Bill that could address Twin Lakes equalized assessed value error passes committee

Samantha Kerkman

A bill that would address an error in Twin Lakes equalized assessed value has passed an Assembly committee.

The Assembly Ways and Means Committee passed AB 273 Thursday,clearing the way for action by the full Assembly when the legislature reconvenes later this month for its fall floor period.

The bill, authored by state Rep. Samantha Kerkman, seeks to address an error in Twin Lake’s equalized value by modifying a loan program currently in place.

“When local officials alerted me to the error, I knew we needed to act as quickly as possible,” said Kerkman, “Even under ordinary circumstances, property tax increases are hard to swallow. Receiving a tax bill that includes a significant increase as the result of an error would be a bitter pill to swallow.”

Currently if an arithmetic or clerical-type error results in a 10 percent or higher increase over the previous year’s equalized value, the Department of Revenue makes a payment to the taxation district and the district then provides loans to individual taxpayers who paid more than they should have because of the error. Rep. Kerkman’s bill holds individual property taxpayers harmless by lowering the overvaluation threshold to 7.5 percent and providing that if property tax bills have not already been sent to property owners, the taxation district uses the DOR payment to offset the property taxes that would have otherwise been erroneously imposed.

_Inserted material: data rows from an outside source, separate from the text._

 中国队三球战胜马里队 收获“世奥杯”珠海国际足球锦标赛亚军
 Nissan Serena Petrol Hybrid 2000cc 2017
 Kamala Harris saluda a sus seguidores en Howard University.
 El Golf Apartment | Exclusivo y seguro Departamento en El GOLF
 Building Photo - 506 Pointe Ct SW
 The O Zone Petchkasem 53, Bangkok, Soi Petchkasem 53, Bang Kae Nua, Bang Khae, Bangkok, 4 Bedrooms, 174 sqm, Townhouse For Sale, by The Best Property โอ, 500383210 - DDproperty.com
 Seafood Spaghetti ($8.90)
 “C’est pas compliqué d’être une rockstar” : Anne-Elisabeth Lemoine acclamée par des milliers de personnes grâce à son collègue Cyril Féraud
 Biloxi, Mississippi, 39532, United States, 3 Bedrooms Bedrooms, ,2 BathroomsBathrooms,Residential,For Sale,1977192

Twin Lakes was overvalued by approximately $70 million and would have resulted in an average property tax increase of greater than $200. Local officials reviewing the equalized values published on Aug. 15 spotted the error and contacted DOR immediately, but DOR does not have the statutory authority to simply change a taxation district’s equalized value after the publication date. Instead, the statutory process provides that the DOR adjusts the value in the subsequent year, balancing an artificially high year with an artificially low one.

“In our current economic climate, waiting to adjust the values in 2012 would be particularly unfair to Twin Lakes residents,” said Kerkman. “I appreciate Revenue working with us to find a more palatable solution.”